EXERCISE OBJECTIVE: The output should contain the listing word for word and no pictures.

DATA SHOWN:
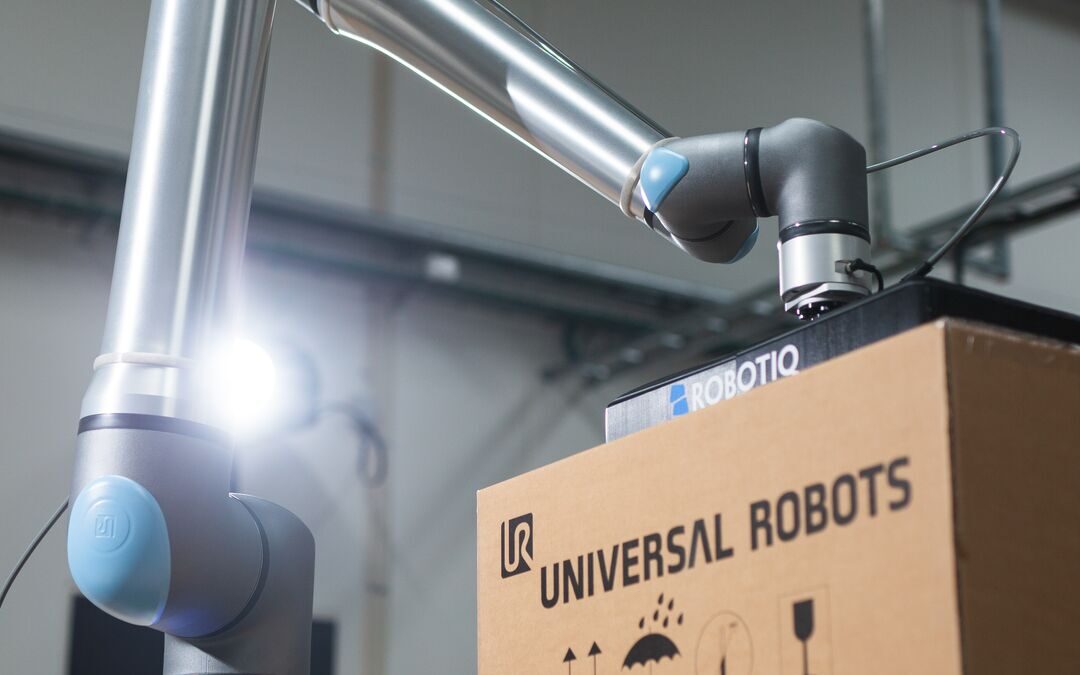 Universal Robots dodaje do portfolio nowego przemysłowego cobota o udźwigu 20 kg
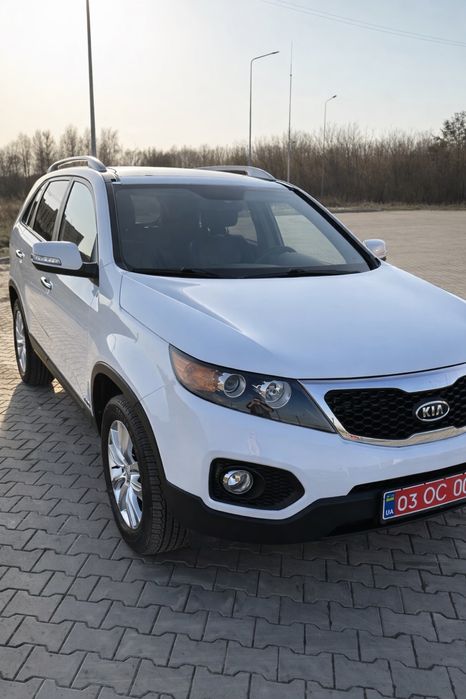 Пригнана з Європи - KIA SORENTO, оригінал пробіг, не фарбована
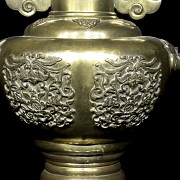 Large Chinese vase with reliefs.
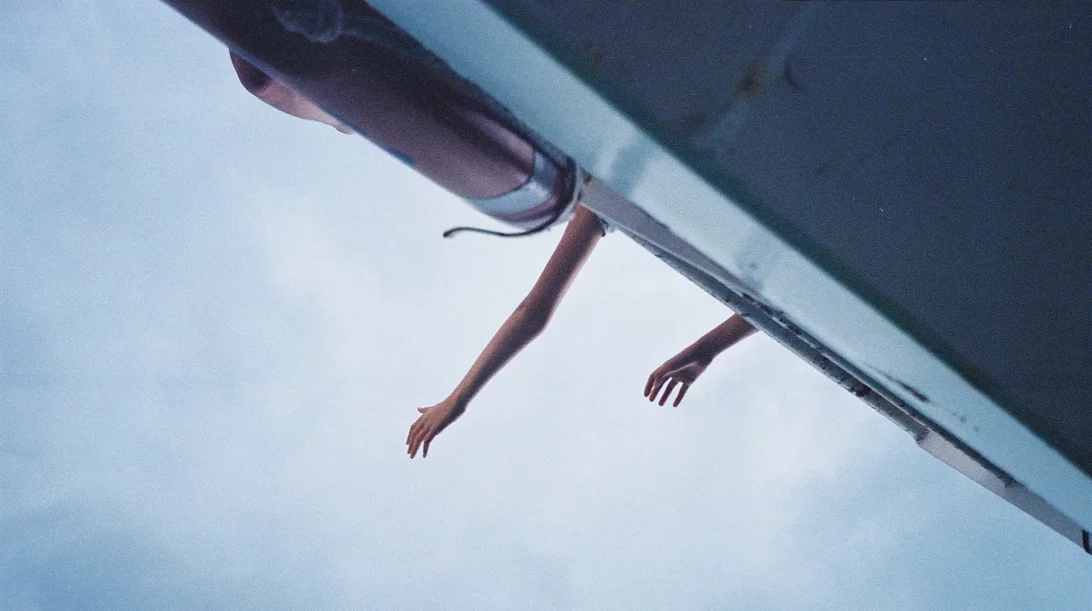 Οι δύο πλευρές της ελληνικής πραγματικότητας στην πολυμεσική έκθεση της Βασιλείας Κάγκα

ANSWER FOR THE TASK:
 Universal Robots dodaje do portfolio nowego przemysłowego cobota o udźwigu 20 kg
 Пригнана з Європи - KIA SORENTO, оригінал пробіг, не фарбована
 Large Chinese vase with reliefs.
 Οι δύο πλευρές της ελληνικής πραγματικότητας στην πολυμεσική έκθεση της Βασιλείας Κάγκα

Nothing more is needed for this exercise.